The T-Shirt: A History
The T-shirt is a timeless staple. The silhouette is simplistic and practical. There’s no question that a T-shirt with a pair of Levi jeans is more of an American classic than Diet Coke, and yet it wasn’t until fairly recently that this most valuable player in our extensive arsenal came to be.
The origin of the T-shirt is far from its current status in western society. Originally, the T-shirt was only intended to be worn as an undershirt. Long-johns had previously been a popular choice, but the garment’s buttons were notorious for coming loose. Because of constricting gender norms, single men without the help of wives had trouble sewing buttons back on to their long-johns when they fell off. Instead, they’d use uncomfortable safety pins to fix the problem. In 1904, the T-shirt emerged; it was nicknamed “the bachelor shirt” by many. Seen as a more practical alternative, the T-shirt could be pulled over one’s head and tightened back upon the person’s body by the elasticity in the material. The first T-shirts had wider necks and shorter sleeves than the modern day version and were only ever worn as undergarments, but over time they became a favorite wardrobe piece for all genders.

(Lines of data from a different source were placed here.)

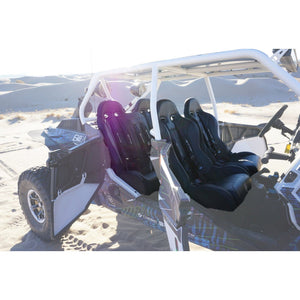 UTVMA RZR Rear Bench Seat & Front Bucket Seats Set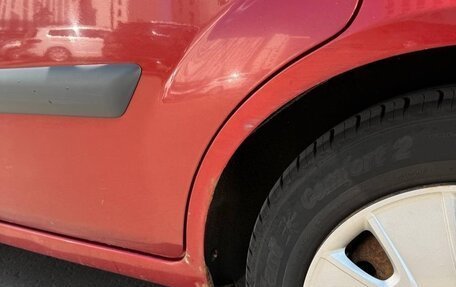 Ford Fiesta, 2008 год, 400 000 рублей, 21 фотография
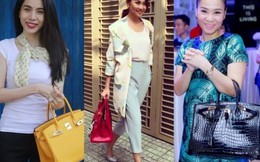 Đầu tư túi xách lời hơn mua vàng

Soon after its introduction, the US Navy caught onto the new design and ordered the garment for their troops to wear under their uniforms, increasing the popularity of the simple cotton item. It wasn’t until the publication of This Side of Paradise by F. Scott Fitzgerald that the T-shirt was given its current name based on its shape and structure.
The transition between the wearability of the T-shirt from an undergarment for men to a visible part of their wardrobe is quite blurry. But by the 1940s, T-shirts were everywhere. They had become common-place in high schools across the country. Teenagers had closets full of colorful favorites adorned with fringe and patches, while most adults still wore them as undershirts, preferring their buttoned frocks. “We have been slow to realize that the high school crowd needs to sit in with us, with all their jive talk, their ‘T’ shirts and ‘sloppy joes,’” Survey Graphic wrote in 1944, defining younger people by their fashion choices. In July 1942, LIFE Magazine debuted its first cover featuring a graphic tee, reading “Air Corps Gunnery School” with a winged rodent sitting on a cloud pictured in between the text and a man wearing a fishing hat and carrying a machine gun.
The entire country slowly drifted from suits and fedoras to the classic T-shirt and jeans—the US symbol of comfort that other cultures around the world soon also adopted. But this trend wasn’t just for men. As button-up shirts were slowly done away with, so were fancy blouses and dresses. TIME Magazine quoted from the San Francisco Call and Post that “once a woman has known the joys and comfort of unrestricted movement, she will be very loath to go back to trailing cumbersome skirts.” The T-shirt marked the start of androgynous fashion, overlapping into the 60s and 70s and continuing to influence the gender-nonconforming timeless staples that walk the streets and runway today.